Thank you @Ian for making it more readable. I was quiet in a hurry...

As to start with the puzzle. We need to follow some rules to have this puzzle started:

- Each line, column and 3x3 box is worth 1, 2, .. 9 = 45 points.

That means we can have some numbers already filled in. Starting the puzzle on the box bottom left, we know:

The 17 value consists of 9 and 8. The bottom 5 and 6 pairs must be 1, 2, 3 and 5 and the 16 above the 17 consists of a 9 and 7.
When following the rule I just described, we know there is an amount of points missing in the bottom left box: 45 - 17 - 17 - 5 = 6. With the group of 5 having a 2 and 3, we know the remaining 6 points needs to be 1 and 5. Therefore, we put the 1 and 5 in both the group of 8 and the group of 6. We can now see the following:
First step

Step 2.

Let's continue with the 9 above the 16. As said, each box has 45 points, and we do know one number is left. 45 - 19 - 8 - 8 = 4. So, we can fill in both 4 and 5. We now know the 12 in the same box as well. 45 - 18 - 19 - 5 = 3.
Top center box contains a 3, that has to contain of a 1 and 2. We can now already assume what numbers are in the different boxes.
Step 2

Step 3.

Continuing on the top right box.
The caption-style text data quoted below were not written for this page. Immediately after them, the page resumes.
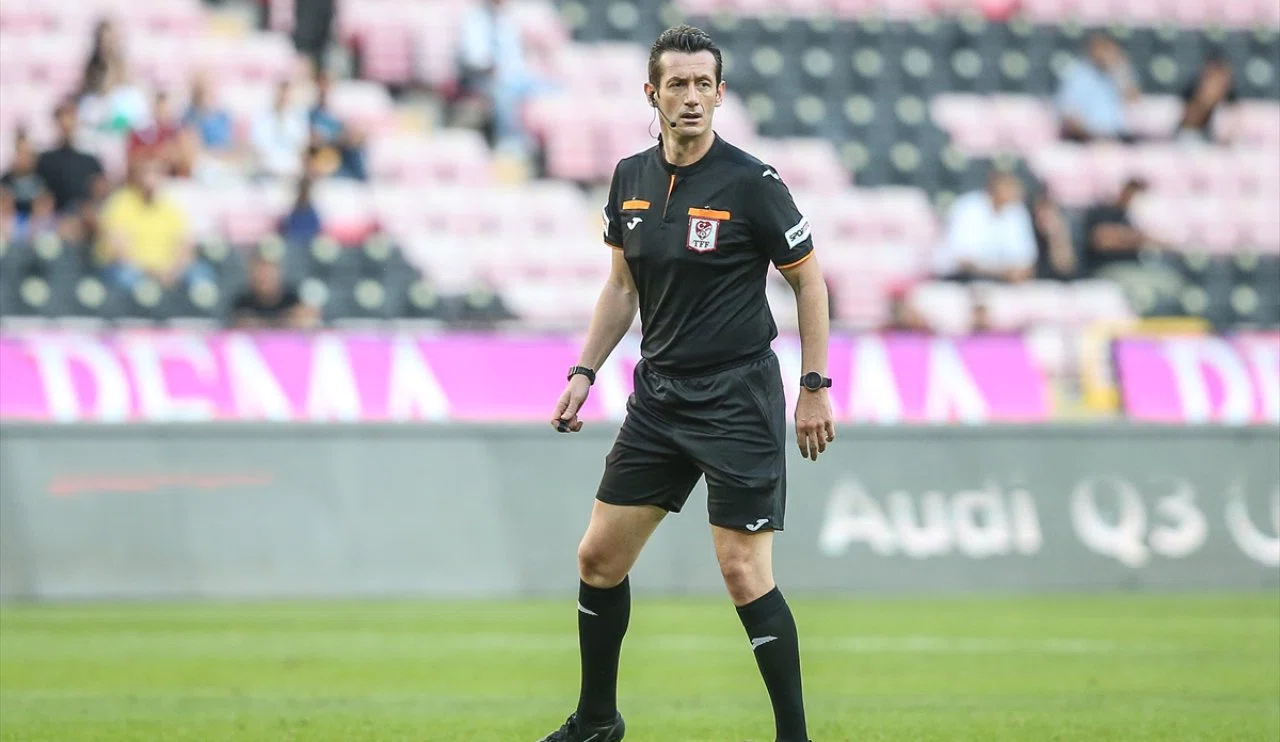 Konyaspor-Sivasspor maçının hakemi açıklandı!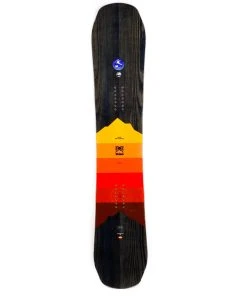 157mw Arbor Shiloh Rocker Snowboard 2021 | USED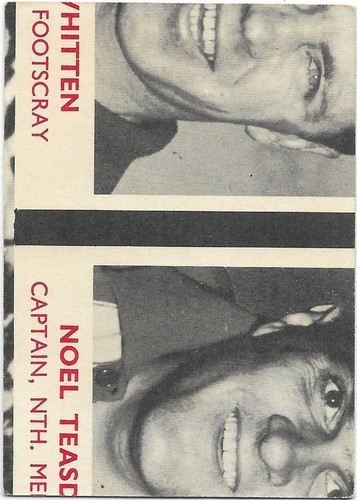 1966 Scanlens (39) Max PAPLEY South Melbourne :/: - Picture 2 of 2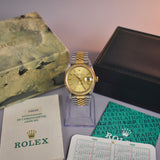 1989 Rolex Datejust 16233 Box and Papers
The 23 has to be a 6, 8 and 9. We can also fill in the 5 and 2, as the 5 can only be in one place. Now the 2 is taken, we know the group of 5 consists of a 1 and 4. The 3 and 7 are left and placed below the 2 and 4. With this information we can fill in most of the top left box as well. Starting with the 7 (middle top) and 2 (same row). We can now fill in the box of 18. 18 - 2 - 7 leaves 9. The only possibility of this 9 is a 1 and 8.
Step 3

Step 4.

We continue with the middle left box. The 8 can only be placed within the group consisting of 9. We fill in both 8 and 1 here. Now the 3 and 5 has to go to the left of this group of 8, while the 2 and 6 are placed right. This allows us to complete the top left box as well.
I checked the middle box as well and I found out I can fill in one more free number. 45 - 16 - 11 - 13 = 5. This places the 5 on three new locations.
Step 4

Step 5. Are we getting the hang of it yet? ;)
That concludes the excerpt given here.